Paul almost never prays for things like these. And he never asks that others pray for him for such things.

Instead, Paul says that he prays that Christians in Colossae...

  • will be filled with the knowledge of God’s will, 
  • will be given give the wisdom and understanding that the Holy Spirit can give us for everyday living,
  • will lead lives worthy of association with the name of Jesus, 
  • will experience the seeds of Christ’s grace, forgiveness, and love bearing fruit in lives of love and good deeds done for others, 
  • will know God intimately, 
  • will be strengthened by the One Who calls all followers of Jesus away from thinking and living like the darkness of this world. The darkness of this world to which the Bible often refers is the very darkness that we have seen in recent days in video clips from Louisiana, Minnesota, and Dallas.

By their tight connection to Jesus, Paul was praying, the lives of the Colossian Christians would reflect the very light of the world, Jesus Christ Himself.

Do you see what Paul is praying?

He’s praying that the Colossian Christians will grow as disciples: followers of Jesus, people whose every thought, action, impulse, and word reflect Jesus, God enfleshed.
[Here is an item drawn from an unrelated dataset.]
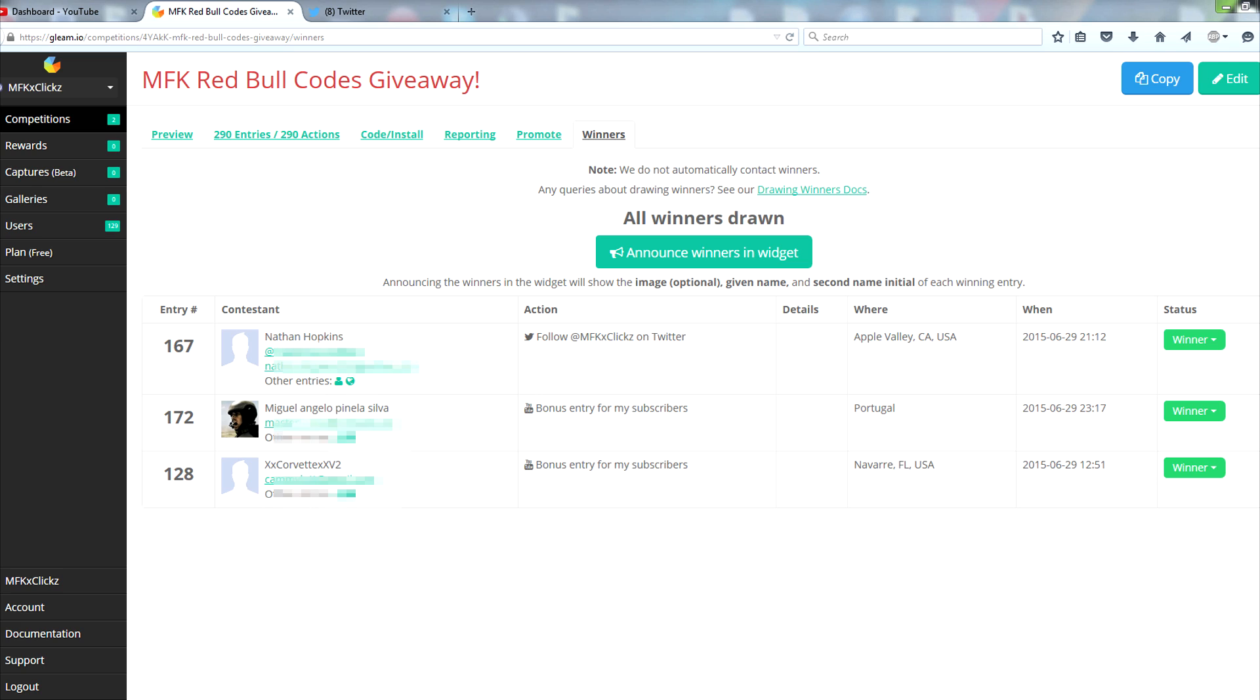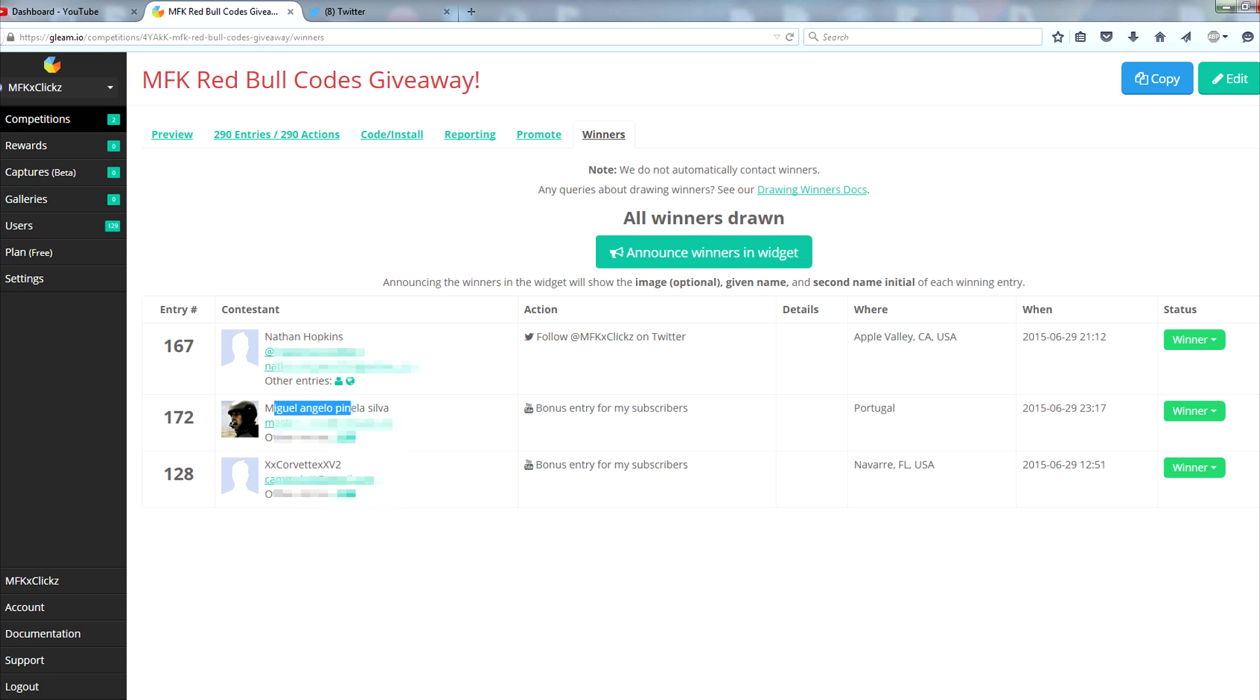So today I am announcing the three winners of the Red Bull Code giveaway that I started earlier this week. We had 290 people enter this, that's absolutely crazy. I do want to thank all of you guys for participating. Definitely going to be trying to get some more codes for you guys either later on this week or at the beginning of next month when the cans are available everywhere here in the U.S.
This week, I’d like to ask you to take verses 9-12 of our lesson as your own personal prayer.

Pray them for your family.

For Living Water.

For the North American Lutheran Church.

For yourself.

As you turn Paul’s prayer petitions into your own prayer petitions, eventually expressed in your own words, pray that God will help you and help the Church to grow as disciples of Jesus Christ.

Listen: America needs Christ and the Church as it never has before. The world needs Christ and the Church as never before.

And, God has given each of us who bear the name of Christ a critical role in helping others to know and follow Jesus Christ.

There's a little story told about a scene in heaven that unfolds right after the risen Jesus gave the eleven remaining apostles the Great Commission. In the story, an angel is standing with God the Father witnessing this commissioning. "Jesus is giving the responsibility of spreading the Gospel and His love, making disciples, to those eleven guys?" the angel asks. "Is that the plan, Lord?" "Yes," God responds, "that's the plan." The angel can't believe it! The eleven didn't have an impressive track record. "What," the angel asks God the Father, "is plan B?" Says God: "There is no plan B."

When it comes to living, praying, and spreading the transforming love of Jesus Christ, it's our move, Church! That's God's plan. In the face of the world's darkness, it's up to us to spread the light!

Listen, please: Disciples in whom the love, grace, power, and sovereignty of the God revealed in Jesus Christ is present and growing are the only means by which America, the world, and people everywhere are going to live in the faith, hope, and love that only Jesus Christ can give.

Please make Paul’s prayer in today’s lesson your prayer each day this week.

I guess the logical response to my request is, “Why? Why should I bother?”

Why shouldn’t people just cast about for the mix and match combination of religious beliefs that makes them, you, and me feel comfortable and in control, like the woman I mentioned at the beginning of this message?

Paul answers that question in the last two verses of our lesson: “For [God] has rescued us from the dominion of darkness and brought us into the kingdom of the Son he loves, in whom we have redemption, the forgiveness of sins.”

To honor the God Who has rescued us from sin, death, and hell; to honor the God Who has changed our eternities through Christ, I ask that you pray that God will help us and help all for whom we pray to be faithful disciples, to grow as faithful disciples, who live our faith with authenticity and who love others as Christ has loved us.

How can we give less than our all to the Lord Who has given everything to us? Amen

[Blogger Mark Daniels is the pastor of Living Water Lutheran Church, Centerville, Ohio.]